The competitors mostly assume an air of confidence mixed with the attendant nerves from taking to the rostrum. Lorraine Mulligan is the effervescent owner of Remax in Celbridge and Lucan. She’s gushes enthusiasm and is straight out of central casting for self-motivators. “I’ve been in the business 20 years. I love people, I love property and I always want to learn and improve.” She sets herself a list of goals every year and the is one of the many on her list. “They say it’s like conducting an orchestra, you are working the room.” You can be assured she will tick all those goal boxes by the end of the year. Her website is listed under teamlorraine.ie and a Google-search later that night throws up an article on The Journal with the pull away quote “I lost my marriage, my car and my home, but I kept going. Failure wasn’t an option.” Lorraine fails to make it through the first round.
Ciaran Fox, from Manorhamilton, is more on the mild-mannered side of things. One of the oldest contestants, backstage he discusses how he sees this as a “learning curve”. He’s been out of the business for a decade owing to family reasons but is looking to get back into it. “I think it’s a very interesting and rewarding career,” he says. Unfortunately, the nerves scalp Fox. My ‘dinger’ neighbour references how “a man could die here” when he pauses during his lot sale. Ciaran doesn’t progress either.
There are phrases which add to the mirth and egg on the buyers delivered by other contestants. Choice lines include: “You’re making me blush, sir,” (Charles McEvoy) “Small steps but it’s all money,” (Michael Ryan) and the trusty old adage that, “The day you buy is the day you sell,” (Ryan Finnegan).
Finnegan is a contender. He brings all the pizazz and flair one associates with an auctioneer. He gesticulates and swivels his body as if his feet are on a hoverboard. There’s a velocity to his delivery which is engrossing. It’s straight out of the Herzog documentary where words rhythmically tumble into one another and the pertinent information pokes through with distinct clarity. He’s a young lad in his early twenties from Galway. This is everything to him.
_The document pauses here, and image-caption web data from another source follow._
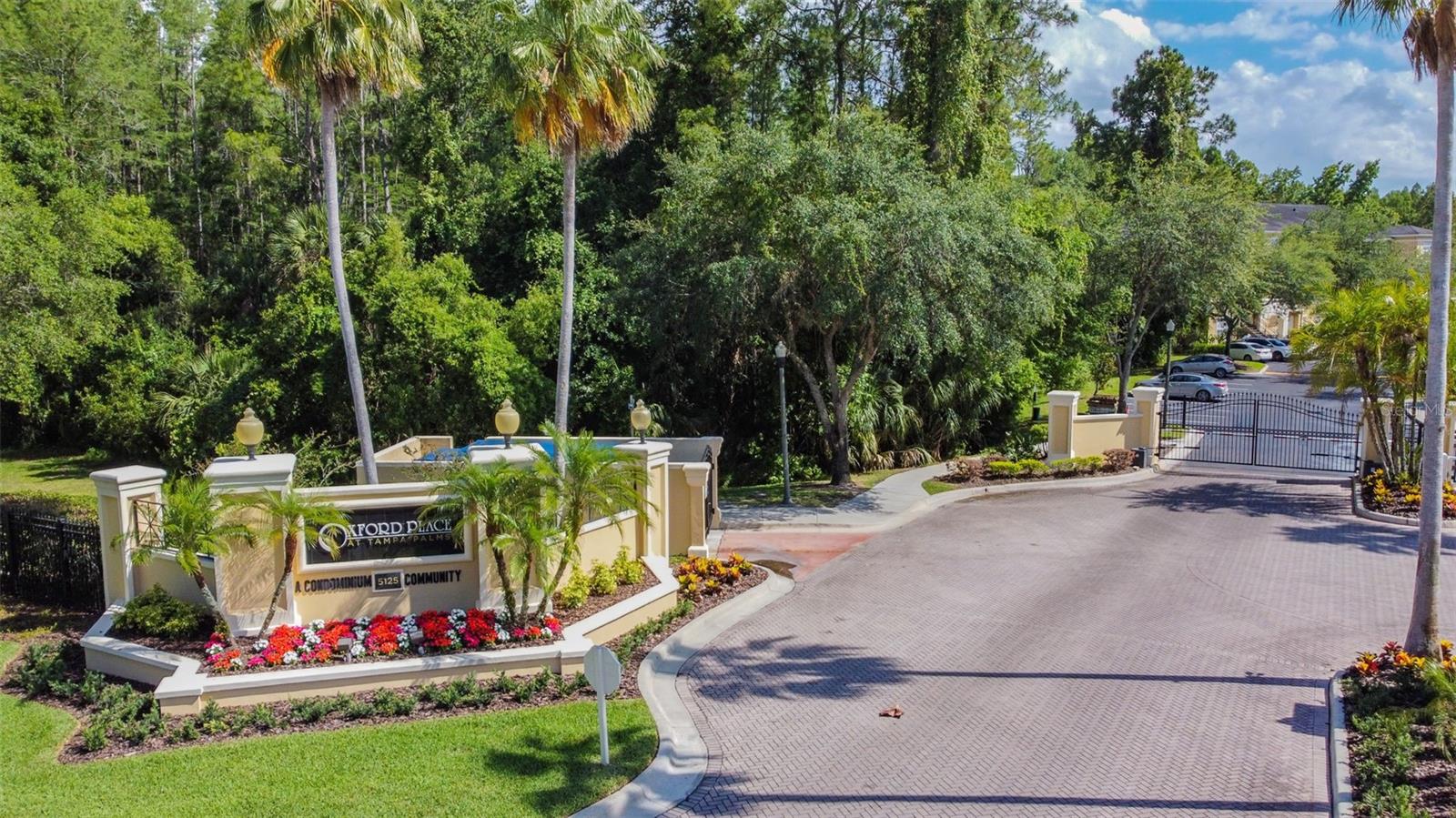 OXFORD PLACE AT TAMPA PALMS A - Residential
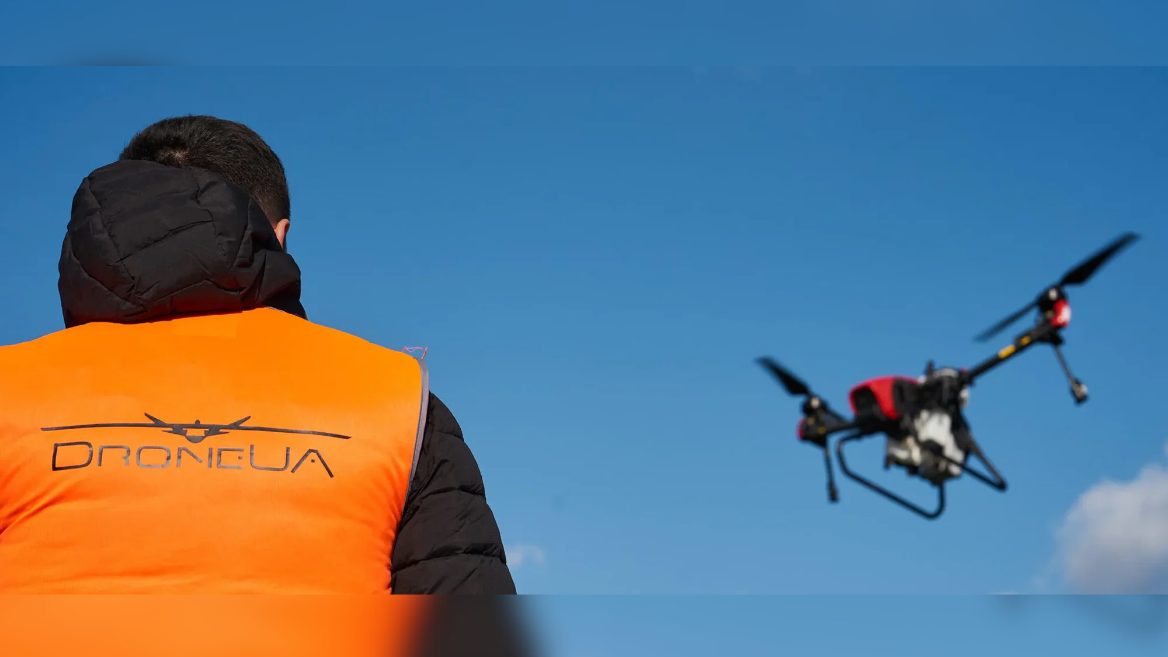 DroneUA починає постачання роботів для NASA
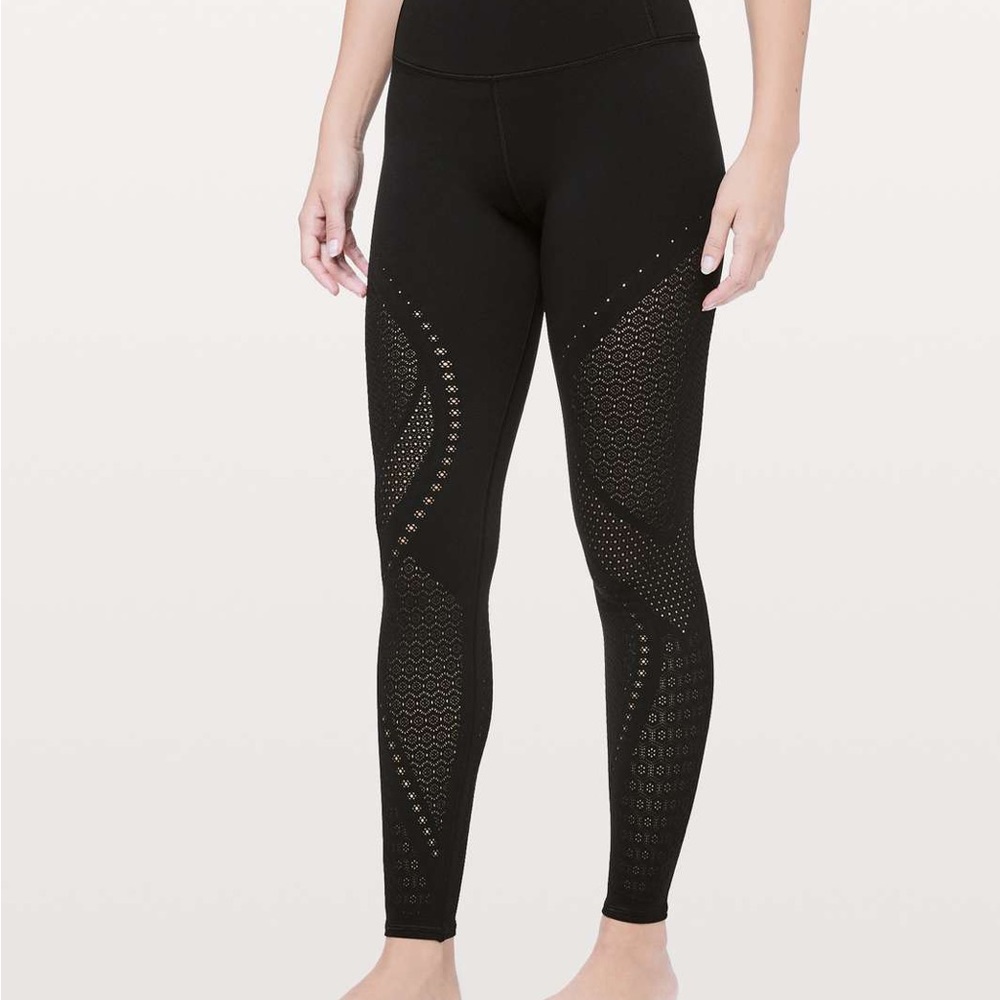 Lulu Lemon Reveal Tight Mindful Motion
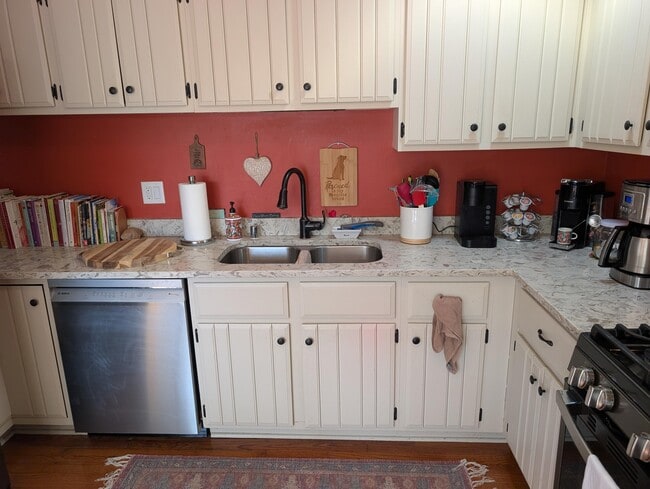 Building Photo - 607 Tamarack Dr W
“That there today is my dream. Some lads like football. Some lads like whatever. That’s my dream,” he says. And I wholeheartedly believe him. While it’s clear he’s in the running, he’s anxious about how great he actually is. He’s been in training for this all his life. “I remember going to a mart in my grandfather’s arms while my father went out around the lots. When I was smaller, my mother would be giving out to me at home. I’d be going around roaring. I’d be selling a chair.” His preparation for today involved “sitting on a bale of straw in a shed with a few sheep or a weanling or cow in front of you” as well as attending marts and talking to other auctioneers. He’s undertaken the property management course in Limerick IT and is currently doing his placement in Winters Property Management in Galway. Ryan makes it through to the next round. And then to the final.
In the final he is joined by Adrian Kelly from Leitrim and Michael Ryan from Tipperary. Early on, it seems like Ryan is the one to beat. He’s referenced as one to possibly talk to. The inaugural winner Nicholas Maher mentions him as one he expects in the final too. He’s clearly assured, has panache in his delivery and can dot what I assume are auctioneering phrases such as “have a hundred on the house” and “fill it up and take him home”. When the gavel is struck for the final time later that night, he is crowned the winner.